Content starts

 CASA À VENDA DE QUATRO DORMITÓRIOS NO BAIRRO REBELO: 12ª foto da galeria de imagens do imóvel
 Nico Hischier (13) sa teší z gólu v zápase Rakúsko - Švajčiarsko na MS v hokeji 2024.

Content ends
Content starts

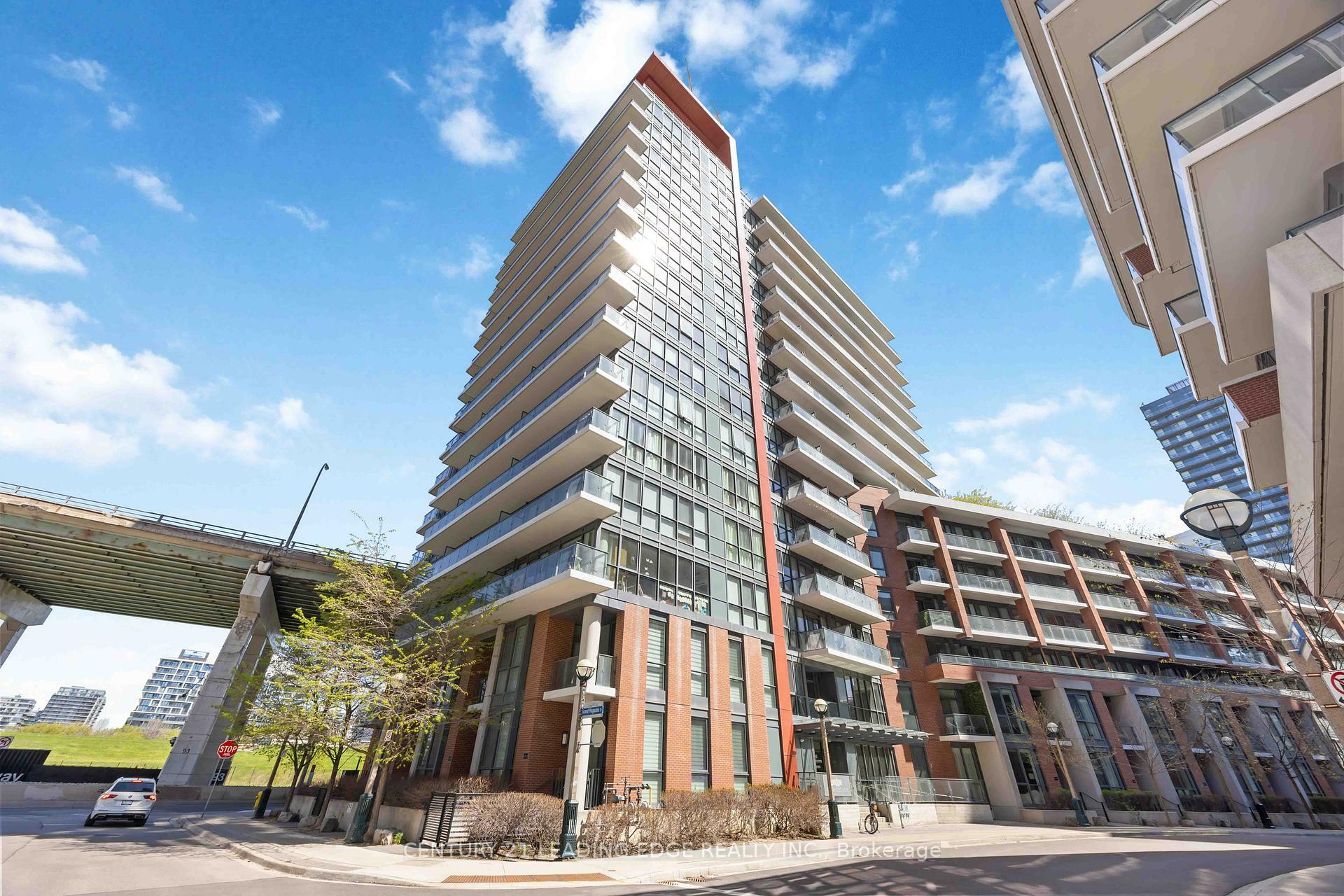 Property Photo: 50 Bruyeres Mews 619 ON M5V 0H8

Content ends
Content starts

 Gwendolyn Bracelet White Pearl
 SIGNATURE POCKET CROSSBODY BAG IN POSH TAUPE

Content ends

▶ _TASK DETAILS_: Return only the lines between the one holding "CASA À VENDA" and the one holding "Nico Hischier (13)", inclusive, exactly as they appear above.

▶ _ANSWER FOR THE TASK_:
 CASA À VENDA DE QUATRO DORMITÓRIOS NO BAIRRO REBELO: 12ª foto da galeria de imagens do imóvel
 Nico Hischier (13) sa teší z gólu v zápase Rakúsko - Švajčiarsko na MS v hokeji 2024.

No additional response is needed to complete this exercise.